—Impossible!...

—Ceci est un des intimes secrets de mon âme. Lorsque mourut ma mère, elle m'attira vers elle sur le lit d'agonie, où ses forces épuisées lui permettaient à peine d'articuler quelques mots, et je n'oublierai pas les derniers qu'elle prononça:

«Va, me dit-elle, va, mon fils, vers la France... Toutes les douleurs, tous les regrets de ta mère sont là... Si Dieu est juste, c'est là aussi qu'il te tiendra compte de ce triste héritage, et qu'il te paiera en bonheur et en gloire...»

—Que voulait dire votre mère, par ces mots pleins de réticences? demanda le père Joseph, en interrogeant le jeune peintre.

—Je ne pus le savoir; comme elle achevait cette confidence, un dernier hoquet contracta sa poitrine, ses lèvres s'agitèrent sans articuler aucun son, son regard s'éteignit... elle était morte!

A ce souvenir, Philippe couvrit son visage de ses mains; mais, chose étrange, l'œil du franciscain lança un éclair, et sa poitrine poussa un soupir de soulagement.

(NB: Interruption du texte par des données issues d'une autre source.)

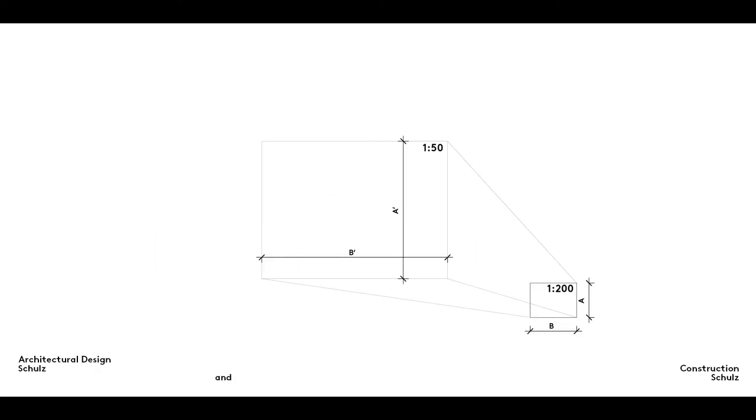The first step is to determine the amount of space the finished drawing itself will occupy on the final construction plan. To do this, you must determine the length and width of the building to be drawn, using a 1 to 200 floor plan for example, and then calculate the size of the floor plan on a scale of 1 to 50.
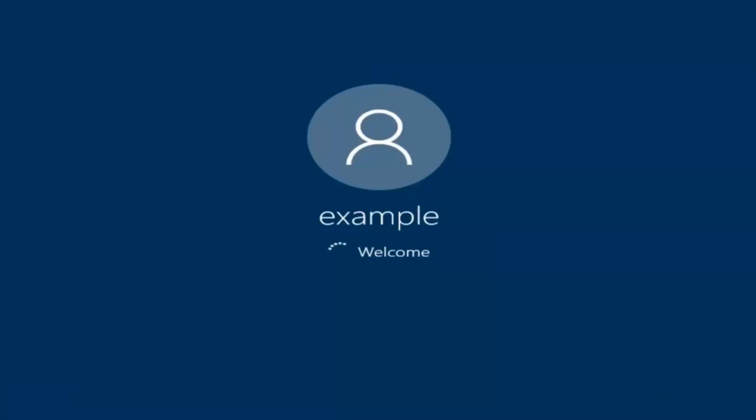And there we go. We can see we are logging into Windows, and it should be a fresh install of Windows we are logging into right now.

—Remettez-vous de ces impressions pénibles... fit-il, revenant par nature à son ton cauteleux et insinuant.

—Vous voyez bien qu'il faut que je reste en France, reprit l'artiste; c'est un devoir... Ma mère ne peut pas avoir menti; car ma mère était une sainte...

Et tirant de son pourpoint un médaillon, il le baisa avec ferveur.

La prunelle du franciscain acheva de s'allumer sous ses sourcils grisonnants.